2. Materials and Methods

2.1. Micromixer Design and Fabrication

The micromixer was fabricated as previously described [13]. Briefly, SolidWorks 2018 × 64 (SolidWorks Corporation, Waltham, MA, USA) was used to design the micromixer. The micromixer was then converted into an STL file and fabricated with Clear Resin V4 (RS-F2-GPCL-04) via a Form2 SLA 3D printer (Formlabs, Somerville, MA, USA). The layer thickness of the print was set at 50 µm to ensure parts are of high quality. After printing, the micromixers were carefully removed from the build plate, and the support was cut off by a scalpel and scissors. The device was then washed thoroughly with isopropyl alcohol (IPA) three times to prevent the uncured resin from blocking the channel and dried by an air nozzle. Lastly, the device was further cured by a 450 nm UV light in a UV-curing chamber for stabilisation. The channel dimension is shown in Figure S1.

2.2. Governing Equations and Boundary Conditions

Laminar flow holds as the Reynolds number ($Re=\frac{\rho Ud}{\mu }$) does not exceed 700 for the present case. Therefore, the incompressible, isothermal, and steady-state Navier–Stokes equation (Equation (1a)), coupled with the continuity equation (Equation (1b)), governs the flow field:

$$\rho \left(u·\nabla \right)u=-\nabla P+\mu {\nabla }^{2}u,$$

(1a)

$$\nabla ·u=0,$$

(1b)

where fluid density and dynamic viscosity are assumed to be $\rho =998 \mathrm{kg}/{\mathrm{m}}^3$ and $\mu =8.9\times {10}^{-4} \mathrm{Pa}·\mathrm{s}$, respectively. First, the flow field is solved for the velocity vector field, $u$, and pressure, $P$. Then the concentration distribution, $c$, is calculated by the stationary convective–diffusive transport equation (Equation (2)):

$$\left(u·\nabla \right)c=D{\nabla }^{2}c,$$

(2)

with $D=1\times {10}^{-10} {\mathrm{m}}^2/\mathrm{s}$ being the diffusivity coefficient between the fluids. The inlets are assigned the uniform velocity boundary conditions with a 1 to 9 ratio for the CPA ($\Delta c=1 \mathrm{mol}/{\mathrm{m}}^3$) to cell media. The outlet is set to zero pressure. The remaining boundaries are considered to be no-slip and no-flux walls. COMSOL Multiphysics, a commercially available software based on the finite element method, was utilised to simulate and predict the laminar mixing of the solutions within the micromixer. Two modules of laminar flow and transport of diluted species were used to carry out the numerical simulations.
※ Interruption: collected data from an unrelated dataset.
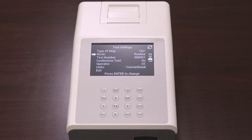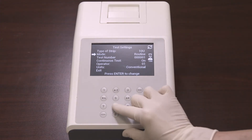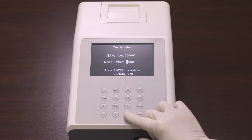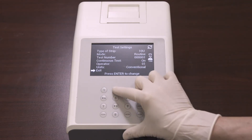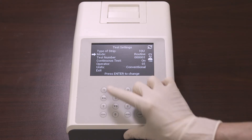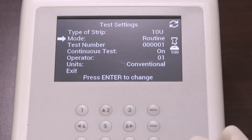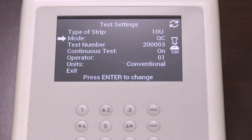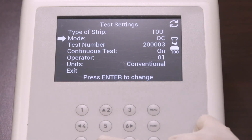You can also select the test number and enter a new test number, then press enter to confirm. The first digit in the number will depend on the test mode: the first digit will be zero for routine, one for stat, and two for QC test. The first digit is fixed and cannot be changed.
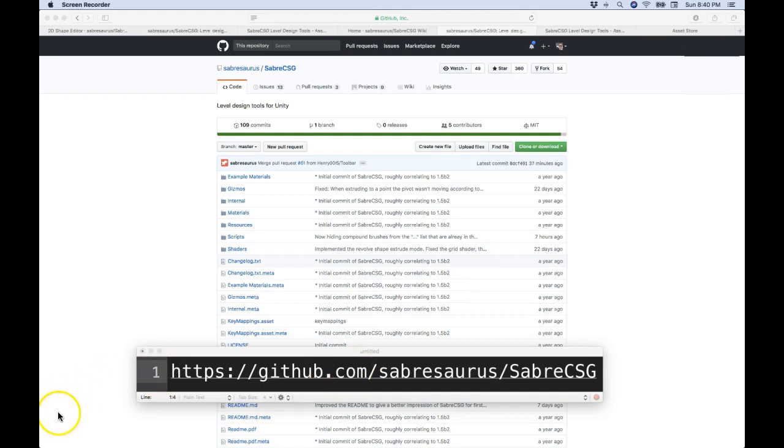That's all I wanted to show you for this video is how to install Saber CSG. So thanks for coming, and I'll see you in the next video. I'm going to show you some really cool stuff you can do, including 2D extrusion of really cool complicated shapes. See you then.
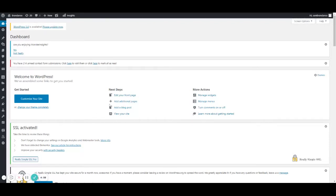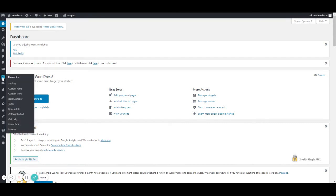If you're having trouble activating your SSL certificate with Elementor, then you could try this one fix that works 99% of the time. First, navigate to the Elementor tab on the left, then go down to Tools and click on Tools.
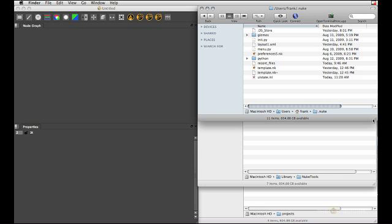So in part one of this tutorial we had a look at how to customize Nuke through our home.nuke directory, which pretty much gives you a sandbox to prototype your own tools, to install what you want, to play with your settings and all that sort of stuff without affecting anybody else on the network.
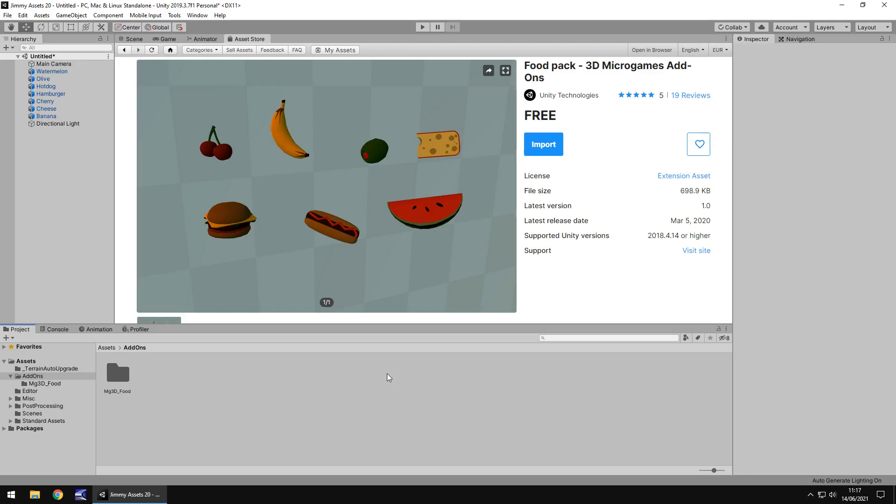Hello there. I'm Jimmy Vegas and today we are taking a look at an asset in the Unity asset store called Foodpack.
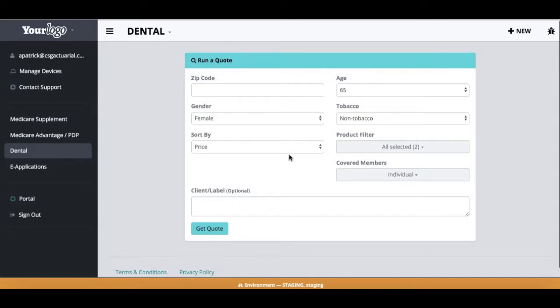CSG Actuarial has launched its second product on the e-application platform, and that is our dental and vision. So in addition to the Medicare supplements, agents can now quote and enroll an applicant on a dental or a vision plan straight on the CSG quoting platform.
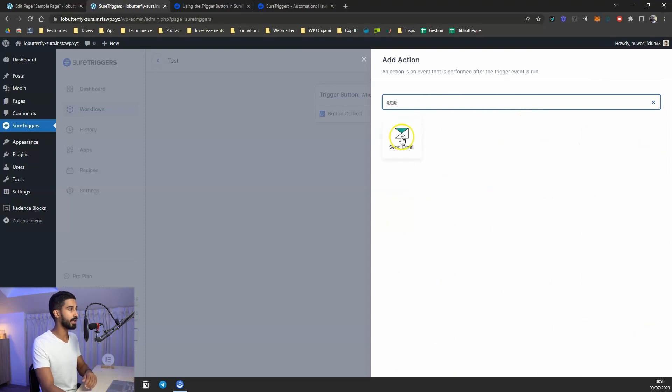Here's one example: I teach WordPress in French and have WordPress courses for my French audience. I wanted to send a survey to my students before launching a new course. I placed a SureTrigger button in the student dashboard of my LMS — I use LearnDash. Since students are logged in, clicking the button can trigger an action. I can send them an email containing a Google Form with just one button click.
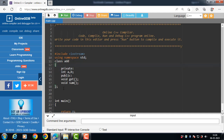To define a member function outside the class, first declare it inside the class, then define it outside using the scope resolution operator. The syntax is: return type — void is the return type — then the name of the class, which is 'add', then the scope resolution operator, then the name of the member function.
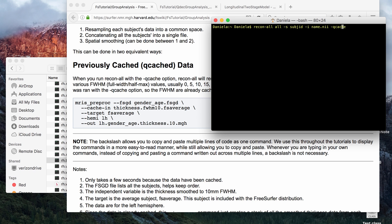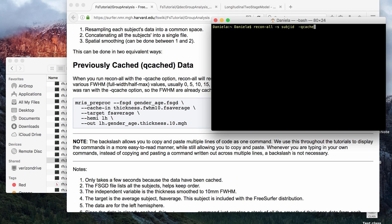Or if you already have a subject folder with the data preprocessed using recon-all, then you can still use the Qcache command and you run it like this: recon-all, the name of the subject from the subject folder, and then the Qcache command.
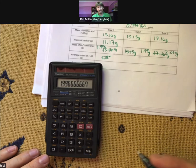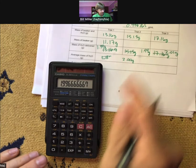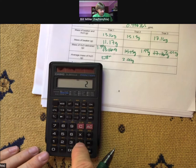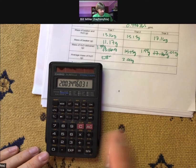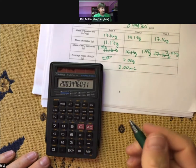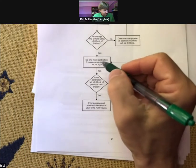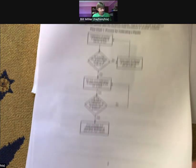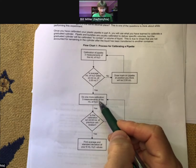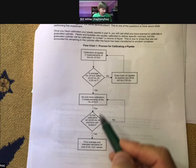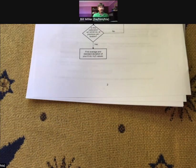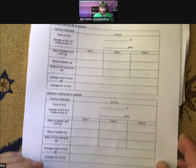The average is 1.9967, which rounds to 2.00 grams, and 2.00 divided by the density gives 2.00 milliliters. After four attempts I finally got one within plus or minus 0.02 milliliters. According to the flow chart: is the average within ±0.02? Yes — so do another one to make sure it's reproducible and wasn't a fluke. My measurements have been pretty precise, so hopefully that'll happen again.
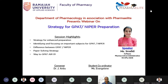A very good morning to everyone present. I, Evangeline, pursuing M.Pharm in Pharmacology from Faculty of Pharmacy, MS Ramaiah University of Applied Sciences, would like to welcome everyone for this webinar on Strategies for GPAT and NIPER Preparation by Ms. Srishti Manoj.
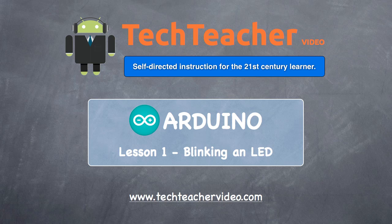You are now ready to make your first Arduino project. We're going to do a very simple project, blinking an LED.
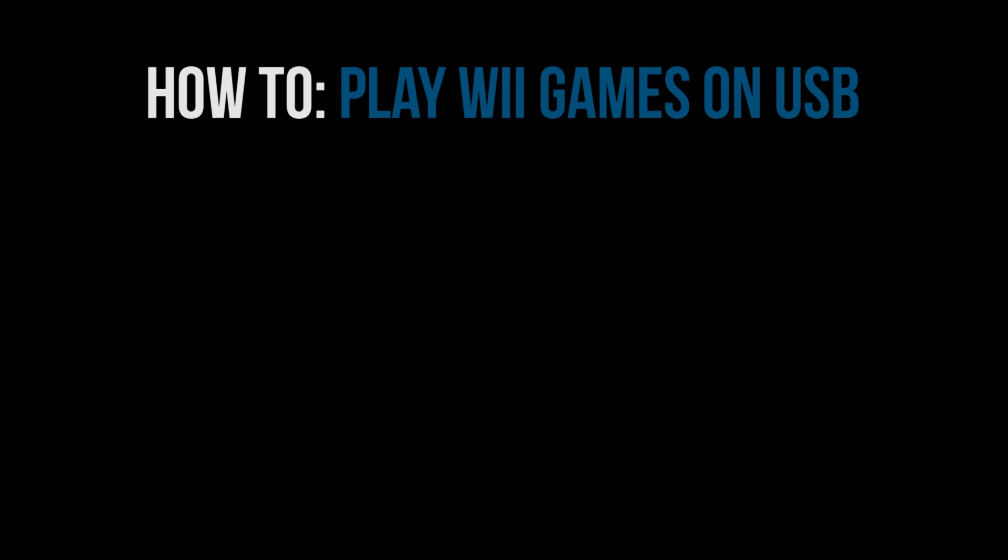Hey everyone and welcome back to my Wii softmodding series. In this video we're going to talk about Wii Flow and how to play Wii games off of your USB drive.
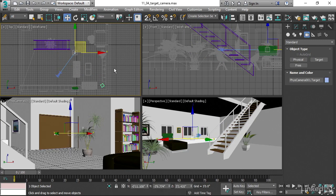And in the next movie, we'll look at creating a free camera and also adjusting some of the parameters.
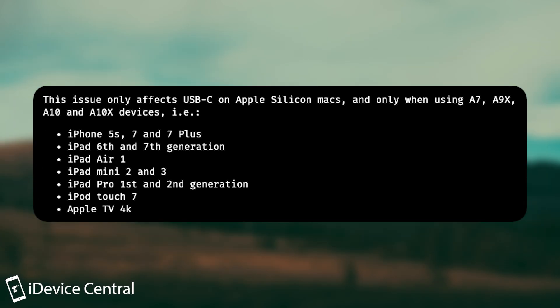So the affected devices are the A7, A9X, A10 and A10X, for example the iPhone 5S, 7, 7 Plus, the iPod Touch 7, iPad Air 1, iPad Mini 2 and 3 and so on.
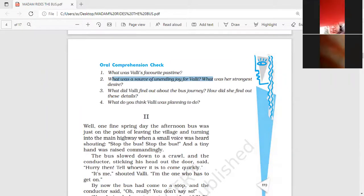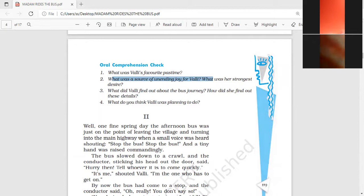Saksham answers: Staring outside from the doorway and looking at different people was an unending joy for Valli, and her strongest desire was to visit someplace on a bus — to ride the bus. Correct. The source of unending joy was observing outside: people boarding, getting off, the different experiences of people. Her strongest desire was to ride the bus one day.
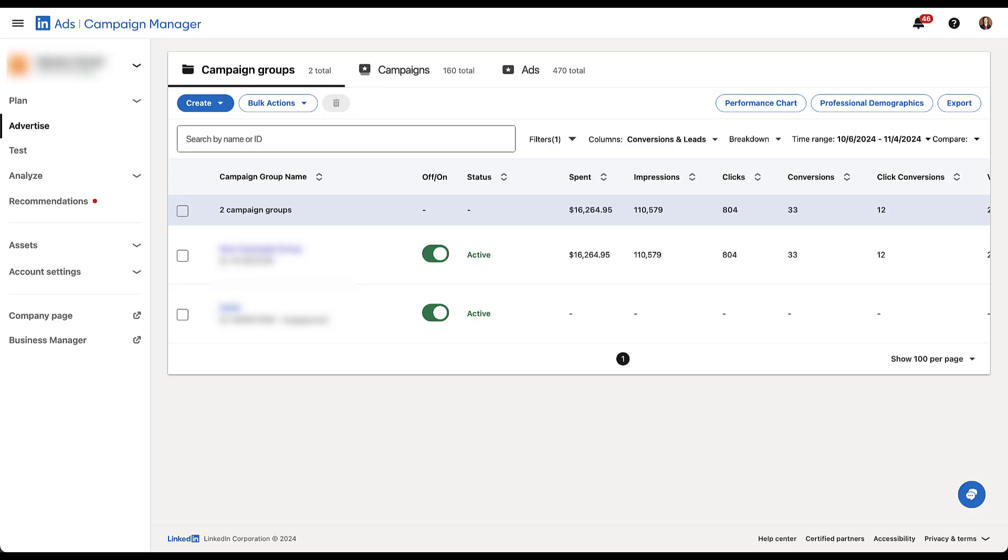So today I want to walk you through what the new companies tab is, show you how it works, and along the way talk about some ideas that you might be able to use in your account. For today's video, I'm going to be in one of our live client accounts, which means that there's going to be a decent amount that's going to be blurred out today, but you'll still be able to get the understanding of how this companies tab works and the ideas that we have for how you can use it in your account.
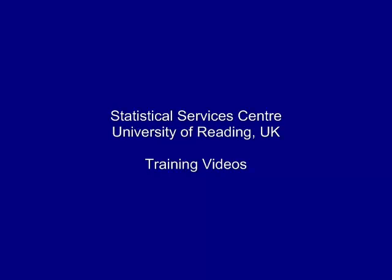This training video was developed by the Statistical Services Centre at the University of Reading in the UK and is part of a range of resources aimed at researchers.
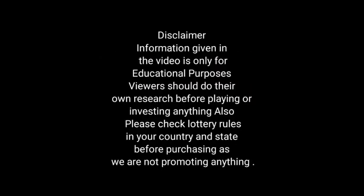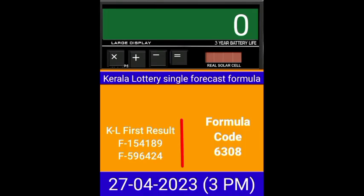This video is made for guessing and education. Welcome to all friends in Chand Kerala Lottery YouTube channel. Today we check the single four-digit formula of Kerala Lottery on calculator.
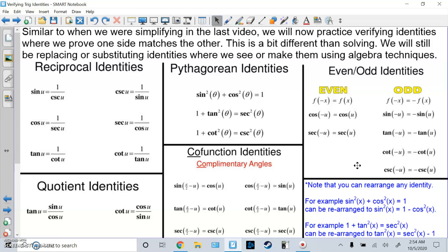Similar to when we were simplifying in the last video, we will now practice verifying identities where we prove one side matches the other. This is a bit different than solving, but we will still be replacing or substituting identities where we see or make them using algebra techniques.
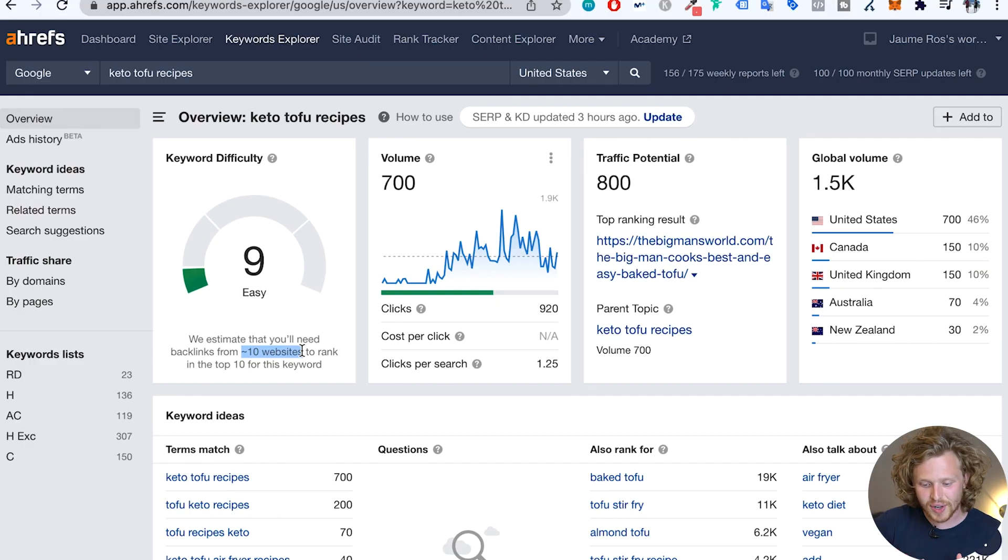So what is that telling me? So Ahrefs is recommending that we get around 10. But from the analysis that we've just done, I would recommend getting between one to three solid backlinks from solid referring domains. That's going to give us the edge. Of course, taking for granted that everything else in our SEO checklist is being done correctly.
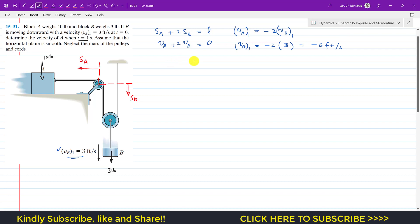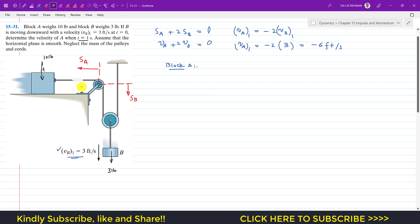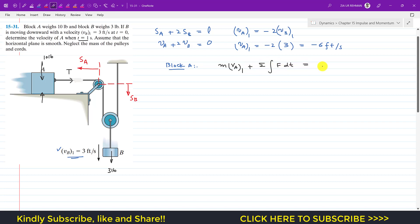Now we consider the motion of block A and block B separately. For block A, we draw the free body diagram — there is tension T in the cord and the normal force acting vertically upward. We apply the principle of impulse and momentum for block A: m·VA1 + summation of impulse due to external forces (integrated from 0 to 1) = m·VA2, since we need the velocity at t = 1 second.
The P1 + P1 was used for the discretisation of the fluids, and the quadratic was used for the discretisation of the transported diluted species. The whole domain was solved in two parts: first, the laminar flow module was solved, then, by the extracted values for velocity and pressure, the transport of the diluted species module was solved. The GMRES (Generalised Minimum RESidual) solver was utilised for both laminar flow and the transported diluted species module. An unstructured grid was generated for the entire domain with several boundary layers. Independent grids tests were provided in Figure S2.

2.3. Mixing Index

To evaluate the mixing performance of the device, the mixing index or $M.I.$ is defined by assessing the standard deviation of the concentration ($\sigma$):

$$M.I.=1-\sigma =1-\sqrt{\frac{1}{n}{{\displaystyle \sum }}_{i=1}^n\times {\left(\frac{c_i-\underset{\_}{c}}{\underset{\_}{c}}\right)}^2},$$

(3)

where $n$ is the number of sampling points, $c_i$ denotes the molar fraction of samples, and $\underset{\_}{c}$ represents the totally mixed molar fraction [24].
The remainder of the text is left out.